TGDF Sıfır Gıda Atığı Liderler Ağı Zirvesi Ankara'da yapıldı

TGDF Sıfır Gıda Atığı Liderler Ağı Zirvesi Ankara'da yapıldı

TGDF Sıfır Gıda Atığı Liderler Ağı Zirvesi Ankara’da yapıldı

Ülkemizde gıda kayıp ve atıklarının önüne geçilmesini hedefleyen TGDF Sıfır Gıda Atığı Liderler Ağı, ilk toplantısını NETLOG sponsorluğunda gerçekleştirdi. Kamu, sektör ve akademiden temsilcilerin katıldığı toplantıda çağımızın en önemli problemine çözüm önerileri paylaşılarak işbirliği fırsatları değerlendirildi.

Dünyanın en büyük problemlerinden gıda kayıp ve atıkları konusunda, Türkiye’de de ciddi bir girişim başlatmayı amaçlayan Sıfır Gıda Atığı Liderler Ağı, ilk toplantısını 10 Ekim 2018’de Ankara Point Otel’de düzenledi.

Türkiye Gıda ve İçecek Sanayii Dernekleri Federasyonu (TGDF) tarafından NETLOG sponsorluğunda organize edilen toplantıya gıda tedarik zincirinin kamu, özel sektör ve akademi ayağından birçok temsilci katıldı.

Açılış konuşmalarını Türk-Alman Üniversitesi’nden Dr. Yaşanur Kayıkcı ile TGDF’den İlknur Menlik’in yaptığı toplantıda öncelikle “Sıfır Gıda Atığı” kavramının tanımı yapılarak bu hedefe ulaşmanın zorlukları ve bu zorlukların üstesinden gelmek amacıyla izlenebilecek yöntemler paylaşıldı.

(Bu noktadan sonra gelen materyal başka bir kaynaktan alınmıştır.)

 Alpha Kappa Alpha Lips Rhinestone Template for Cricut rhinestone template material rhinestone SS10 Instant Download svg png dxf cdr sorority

Dünyada ve Türkiye’de gıda atıkları konusundaki durum ortaya koyuldu

Toplantının ilk oturumunda Birleşmiş Milletler Gıda ve Tarım Örgütü temsilcisi Dr. Ayşegül Selışık, Aalborg Üniversitesi’nden Dr. Atanu Chaudhuri, Sussex Üniversitesi’nden Dr. Nachiappan Subramanian ve Cranfield Üniversitesi’nden Dr. Michael Bourlakis, dünyada ve Türkiye’de sıfır atık konusundaki durumu ortaya koyarak çiftlikten çatala tedarik zinciri boyunca alınabilecek önlemler konusunda katılımcılarla görüş alış verişinde bulundu.

Toplantıda konuşan Çevre ve Şehircilik Bakanlığı Sıfır Atık Yönetimi Daire Başkanı Ahmet Varır ile Tarım ve Orman Bakanlığı Kodeks Daire Başkanı Selman Ayaz gıda atıkları konusuna mevzuat yönünden bir bakış getirerek kamunun bu konudaki girişimleri konusunda dinleyicileri bilgilendirdi.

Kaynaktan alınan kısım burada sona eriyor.